At just $119.99, the Amazon Cloud Cam costs less than half the price of the popular Nest Cam IQ, which runs a pricey $299. In fact, Amazon bundles the cameras together at a discount, meaning you can grab three Cloud Cams for only $289.97. So why on Earth would you buy the Nest Cam IQ when you can literally order three of Amazon’s cameras for less money?

What the Amazon Cloud Cam does great


Don’t let the cheap price fool you, the Cloud Cam is a very capable security camera. It records 1080p video, day or night thanks to its built-in night vision, and features two-way audio so that you can remotely talk to any guests or unwanted intruders. With a free account, you can review the last 24 hours of activity from the camera — it doesn’t record continuously, but it’ll record clips any time it detects motion within its wide-angle view.

$120 is a steal for any smart security camera, let alone one this powerful.

With a paid subscription, you can get access to up to 30 days of video history, as well as person detection; in other words, the Cloud Cam is smart enough to be able to differentiate a person from, say, a dog or cat, and will only notify you of the former. If the Cloud Cam covers more ground than you care to see, though, you can also set up Zones so that you’re only alerted of motion within specific regions.

Even though the Cloud Cam doesn’t continuously record, you can still access the live feed at any time through the Cloud Cam app.
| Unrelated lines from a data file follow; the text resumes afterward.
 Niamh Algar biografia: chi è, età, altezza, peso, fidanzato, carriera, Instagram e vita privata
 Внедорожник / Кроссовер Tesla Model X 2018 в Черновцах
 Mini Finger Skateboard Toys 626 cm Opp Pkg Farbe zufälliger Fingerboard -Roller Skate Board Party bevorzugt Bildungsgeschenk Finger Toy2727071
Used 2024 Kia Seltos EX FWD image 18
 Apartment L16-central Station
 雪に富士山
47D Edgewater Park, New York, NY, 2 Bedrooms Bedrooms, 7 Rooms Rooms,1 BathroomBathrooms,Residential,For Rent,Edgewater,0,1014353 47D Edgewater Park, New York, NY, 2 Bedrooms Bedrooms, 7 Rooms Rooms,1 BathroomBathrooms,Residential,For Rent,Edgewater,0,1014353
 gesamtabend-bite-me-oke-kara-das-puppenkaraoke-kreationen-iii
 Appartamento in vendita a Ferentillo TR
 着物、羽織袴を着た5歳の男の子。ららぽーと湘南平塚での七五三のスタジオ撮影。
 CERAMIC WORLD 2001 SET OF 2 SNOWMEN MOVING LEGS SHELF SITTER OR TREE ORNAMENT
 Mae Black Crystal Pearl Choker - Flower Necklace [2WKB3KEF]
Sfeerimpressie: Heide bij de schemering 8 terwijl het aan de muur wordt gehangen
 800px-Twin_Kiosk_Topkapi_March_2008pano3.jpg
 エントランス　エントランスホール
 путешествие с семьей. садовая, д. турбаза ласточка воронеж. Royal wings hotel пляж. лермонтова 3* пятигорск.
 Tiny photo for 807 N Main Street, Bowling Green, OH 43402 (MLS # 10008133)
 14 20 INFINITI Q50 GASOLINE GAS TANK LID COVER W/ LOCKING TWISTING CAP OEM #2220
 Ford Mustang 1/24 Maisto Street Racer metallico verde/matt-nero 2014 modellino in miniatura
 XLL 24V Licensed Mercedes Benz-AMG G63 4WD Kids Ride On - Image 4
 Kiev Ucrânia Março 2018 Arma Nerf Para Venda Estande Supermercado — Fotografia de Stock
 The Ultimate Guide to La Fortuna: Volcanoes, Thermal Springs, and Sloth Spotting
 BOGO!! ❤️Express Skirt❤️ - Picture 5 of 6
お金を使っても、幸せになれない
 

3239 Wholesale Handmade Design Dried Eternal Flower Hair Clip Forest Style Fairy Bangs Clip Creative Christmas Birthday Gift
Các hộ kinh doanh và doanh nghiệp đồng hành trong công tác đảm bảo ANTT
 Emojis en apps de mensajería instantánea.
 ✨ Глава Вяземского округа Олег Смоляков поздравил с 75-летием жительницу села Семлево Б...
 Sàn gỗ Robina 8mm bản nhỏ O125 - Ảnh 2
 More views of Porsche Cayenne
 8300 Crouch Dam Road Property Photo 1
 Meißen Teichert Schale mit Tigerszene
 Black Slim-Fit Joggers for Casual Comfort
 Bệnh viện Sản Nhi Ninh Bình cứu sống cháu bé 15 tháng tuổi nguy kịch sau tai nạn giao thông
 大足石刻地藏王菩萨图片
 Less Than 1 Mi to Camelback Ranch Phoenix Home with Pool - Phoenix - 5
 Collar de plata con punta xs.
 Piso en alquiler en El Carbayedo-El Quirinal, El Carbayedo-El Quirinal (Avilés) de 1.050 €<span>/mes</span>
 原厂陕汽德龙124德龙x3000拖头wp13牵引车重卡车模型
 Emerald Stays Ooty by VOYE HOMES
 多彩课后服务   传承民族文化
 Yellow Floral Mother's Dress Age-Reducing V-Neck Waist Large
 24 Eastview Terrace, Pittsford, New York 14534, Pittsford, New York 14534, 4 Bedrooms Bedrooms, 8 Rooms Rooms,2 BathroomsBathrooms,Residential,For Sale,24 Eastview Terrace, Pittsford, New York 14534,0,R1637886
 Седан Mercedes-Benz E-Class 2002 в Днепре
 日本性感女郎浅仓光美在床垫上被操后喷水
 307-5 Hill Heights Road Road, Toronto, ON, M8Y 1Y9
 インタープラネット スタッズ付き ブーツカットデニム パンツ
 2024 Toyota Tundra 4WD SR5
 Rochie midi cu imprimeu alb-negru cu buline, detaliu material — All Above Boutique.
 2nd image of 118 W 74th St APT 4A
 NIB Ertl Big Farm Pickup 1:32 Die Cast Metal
Of course, being an Amazon product, the Cloud Cam integrates with Alexa-powered devices as well. You can use Alexa to display your live feed directly on your Fire TV, Fire Tablet, Echo Show, or Echo Spot.

If there’s one downside, it’s that the Amazon Cloud Cam is only available in the U.S. right now, whereas the Nest Cam IQ is sold in many countries, including the U.S.

See at Amazon

What the Nest Cam IQ does better


Just like the Cloud Cam, the Nest Cam IQ offers 1080p video with night vision and two-way audio, but it actually uses a 4K sensor to allow you to losslessly zoom into points of interest within the camera’s field of view. This allows you to retain clarity when punching into a subject, which can be especially helpful when trying to identify the face of an unwanted intruder.

Facial recognition cuts down on the number of false alarm notifications you’ll get.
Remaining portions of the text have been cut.